POLITICS

Where are the parents? – Nzimande

Minister says parents are leaving big decisions in the hands of 19 and 20 year old students

Where are the parents?’ – Nzimande

23 September 2016

Johannesburg – Parents need to play a bigger role in debates over university fees, Higher Education Minister Blade Nzimande said on Wednesday.

“Where are the parents in all of this? They are leaving big decisions in the hands of 19 and 20-year-old students,” he said during an interview on Pretoria-based Impact Radio.

He said government had started talking to parents about their children.
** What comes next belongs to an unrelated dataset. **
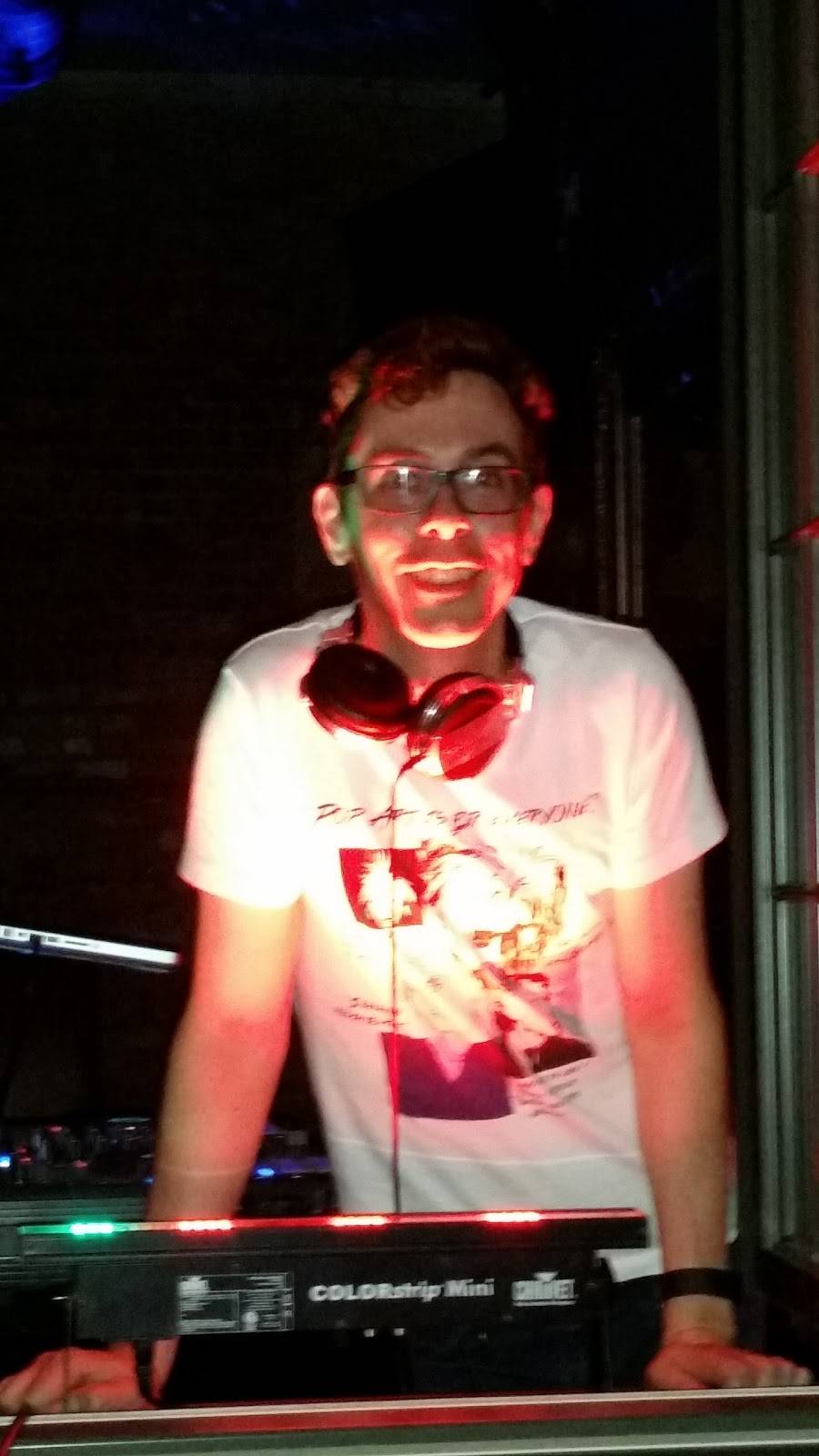 Union Tavern | restaurant | 51 Market St, Poughkeepsie, NY 12601, USA | 8452325675 OR +1 845-232-5675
They were the ones helping their children get through university.

“Students just want to demand and some of them are not even willing to listen and engage,” Nzimande said.
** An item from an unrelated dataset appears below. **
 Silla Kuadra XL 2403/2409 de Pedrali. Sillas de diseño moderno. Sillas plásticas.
A caller who identified himself as Thabo and a parent of a university student, said: “I told my son I don’t have money. If he is going to waste time, he should tell me his plans for the rest of the year.”
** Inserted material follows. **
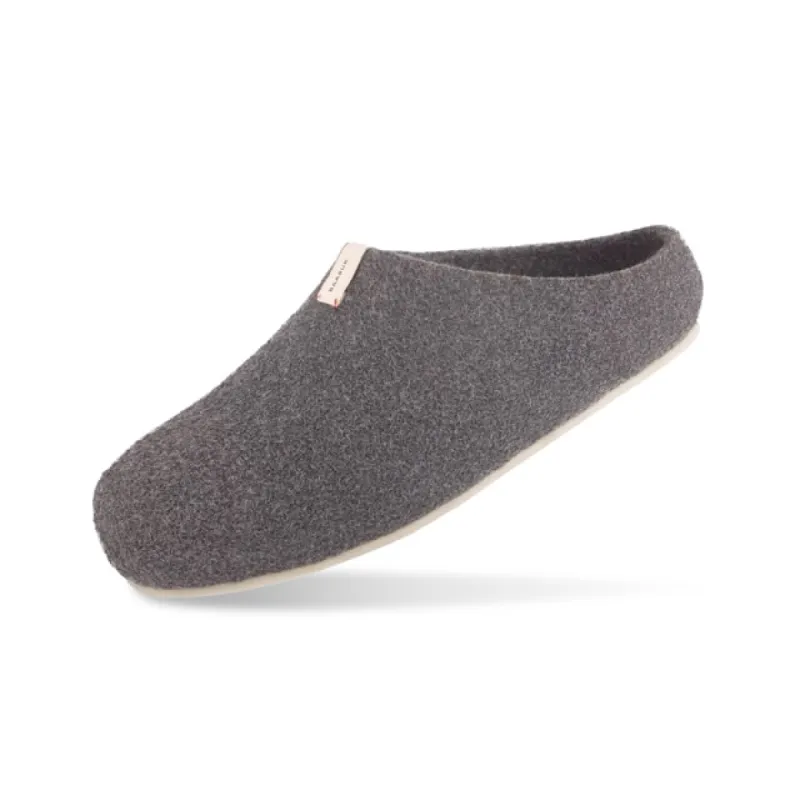 Corkybuk Slipper - Dark Grey sold by Baabuk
Nzimande said those who wanted free education were being reckless.

“If you say universities can’t increase [fees], you are killing them,” he said.

Nzimande condemned the violence at Wits University, and the arson at the University of KwaZulu-Natal’s Howard College campus law library on September 6.

It was barbarism, he said. Irreplaceable documents were lost in the fire at UKZN.

“What happened at Wits was done by criminals and thugs.”

Rubber bullets

On Wednesday afternoon, police fired rubber bullets and stun grenades to disperse a group of rock-throwing Wits students on the streets of Braamfontein. Three students were injured and two were arrested.

Wits spokesperson Shirona Patel said three students were injured. One was shot with rubber bullets.

Several universities around the country suspended activities after Nzimande on Monday announced the universities could increase fees up to a maximum of 8%.

He told Impact Radio it was an “inflation-linked adjustment”.

Nzimande said students from households earning less than R600 000 a year would not have their fees increased for the second year running.

Students outside this category would have to wait to see what increase individual universities decided on.